Web page caption snippets:
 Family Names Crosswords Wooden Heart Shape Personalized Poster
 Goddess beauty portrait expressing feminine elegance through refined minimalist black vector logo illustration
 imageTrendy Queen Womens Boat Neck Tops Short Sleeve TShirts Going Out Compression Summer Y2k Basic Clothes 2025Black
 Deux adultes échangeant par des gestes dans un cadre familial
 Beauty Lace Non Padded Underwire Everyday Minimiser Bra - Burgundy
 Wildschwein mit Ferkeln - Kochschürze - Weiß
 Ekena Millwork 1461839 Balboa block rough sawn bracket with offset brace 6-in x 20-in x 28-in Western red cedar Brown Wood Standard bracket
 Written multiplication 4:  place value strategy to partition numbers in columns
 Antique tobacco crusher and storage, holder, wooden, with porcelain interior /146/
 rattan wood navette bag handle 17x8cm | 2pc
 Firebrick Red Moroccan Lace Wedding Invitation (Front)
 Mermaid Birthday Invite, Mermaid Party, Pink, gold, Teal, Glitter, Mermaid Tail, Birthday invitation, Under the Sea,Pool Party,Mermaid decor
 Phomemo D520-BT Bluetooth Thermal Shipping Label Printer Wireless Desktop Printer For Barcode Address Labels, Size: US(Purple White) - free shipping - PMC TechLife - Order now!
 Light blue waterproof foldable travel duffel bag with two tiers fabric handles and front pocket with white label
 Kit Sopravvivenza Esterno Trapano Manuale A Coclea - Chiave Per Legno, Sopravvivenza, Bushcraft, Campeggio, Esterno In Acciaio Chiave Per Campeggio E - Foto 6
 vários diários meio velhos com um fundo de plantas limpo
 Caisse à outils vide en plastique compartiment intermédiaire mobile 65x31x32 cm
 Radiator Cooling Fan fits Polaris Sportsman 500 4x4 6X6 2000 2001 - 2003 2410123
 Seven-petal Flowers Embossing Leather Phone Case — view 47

**Required action**
Your response should consist solely of the lines from the one containing "Radiator Cooling Fan" to the end of the entries, both ends included, exactly as they appear.

**Task solution**
 Radiator Cooling Fan fits Polaris Sportsman 500 4x4 6X6 2000 2001 - 2003 2410123
 Seven-petal Flowers Embossing Leather Phone Case — view 47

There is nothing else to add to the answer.